If you saw a legend in the making, would you know it? For us music-aholics we see countless shows with even more bands hitting the stage all vying for our attention. Out of all ’em it’s hard to discern just who we will be talking about in the months or years following that set, and more often than not (no matter how good the band might have been), we move on and forget about them. Its sad but true. Every once and a while, however, we get lucky, and one of those small bands turns out to be the next big thing, and maybe, just maybe, they end up in the pantheon of musics greatest. Ill admit, it hasnt happened for me quite yet, but it did for a small audience in 1990 at the Off Ramp Café in Seattle, Washington with the little known band Temple of the Dog.
A quick history lesson:
Before Pearl Jam and Soundgarden became household names, both bands key members (Chris Cornell, Mike McCready, Eddy Vedder, Stone Gossard, Jeff Ament, and Matt Cameron) came together to tribute their late friend Andrew Wood after his tragic death of a heroin overdose earlier in March of ’90. The death inspired Cornell to contact Woods fellow band mates of Mother Love Bone to come together for a tribute record of sorts. With them, he penned two songs, Reach Down and Say Hello To Heaven, both to say farewell to their lost friend and band mate. What was supposed to be a small homage quickly turned in to something bigger as both Pearl Jam and Soundgarden began picking up steam in the early nineties.

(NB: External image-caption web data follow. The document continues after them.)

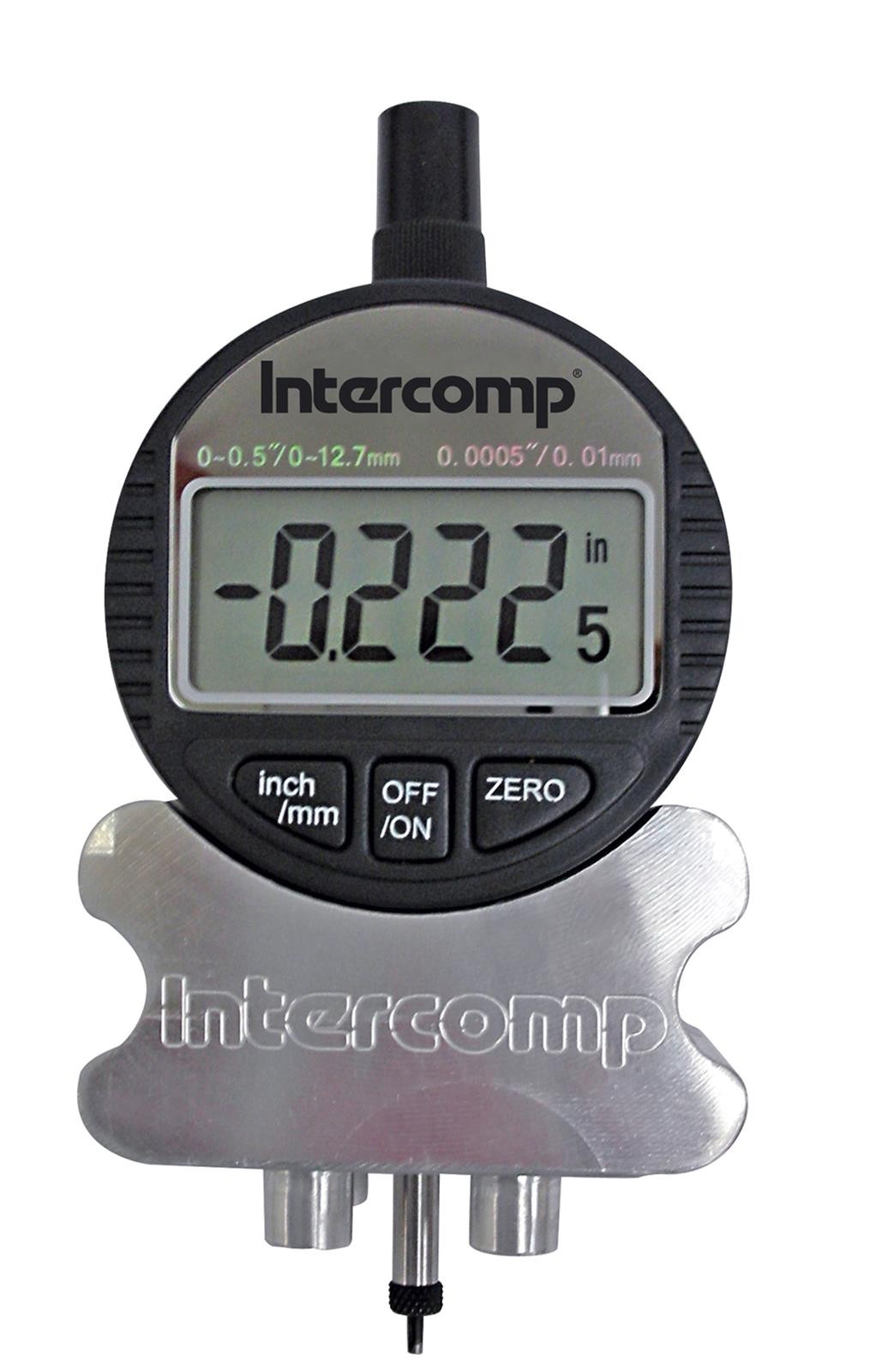 Intercomp Racing 102081 Tread Depth Gauge, 0 - 0.25 in. Range, Black Face, Each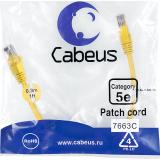  - Cabeus PC-UTP-RJ45-Cat.5e-0.3m-YL-LSZH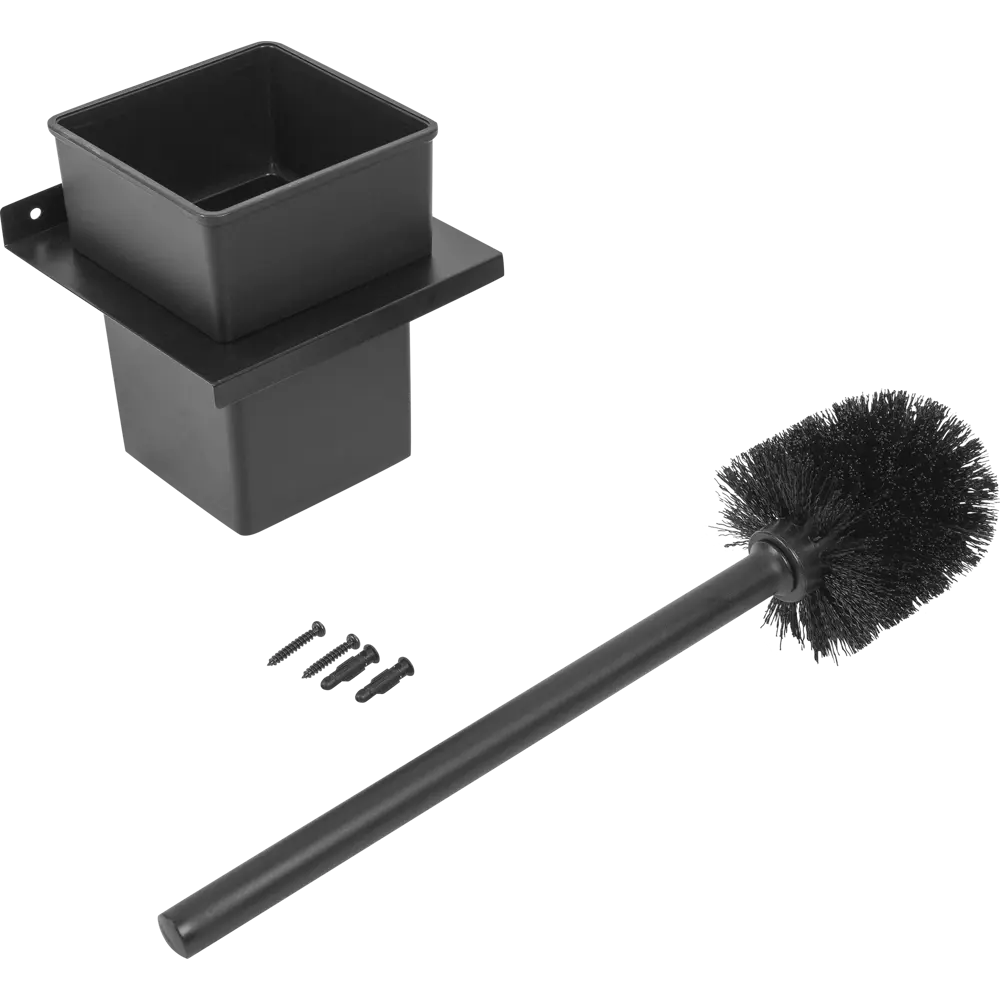 Ёршик для унитаза Lund цвет чёрный SWENSA STLM-2065884 - Вид №2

In November of 1990, the group decided to play a few test gigs, one of which would take place at the small Seattle venue, the Off Ramp Café. The hour-long set tested out the songs that would later become the first and only Temple of the Dog record. It was bittersweet as they worked out the kinks and bared their souls for an audience that seemed to be more concerned with their next drink than the heartbreaking lyrics that screamed out of Cornel and Vedders vocal chords. Later some of the members would try and claim the songs as a Pearl Jam record, but the dispute was quickly laid to rest thus leaving us with the short but sweat legend of the Dog.
Some of the Off Ramp gig was recorded, and while it’s grainy to view, it’s a little funny to see almost 20 years later a grunged out, long haired Cornel introducing the Pearl Jam guitarist McCready to a largely unaware crowd. This specific clip is of the later of the two previously mentioned songs. For those kids born post-1990, enjoy some rock history, and ponder this, would you have known of the greatness that was just a few feet away?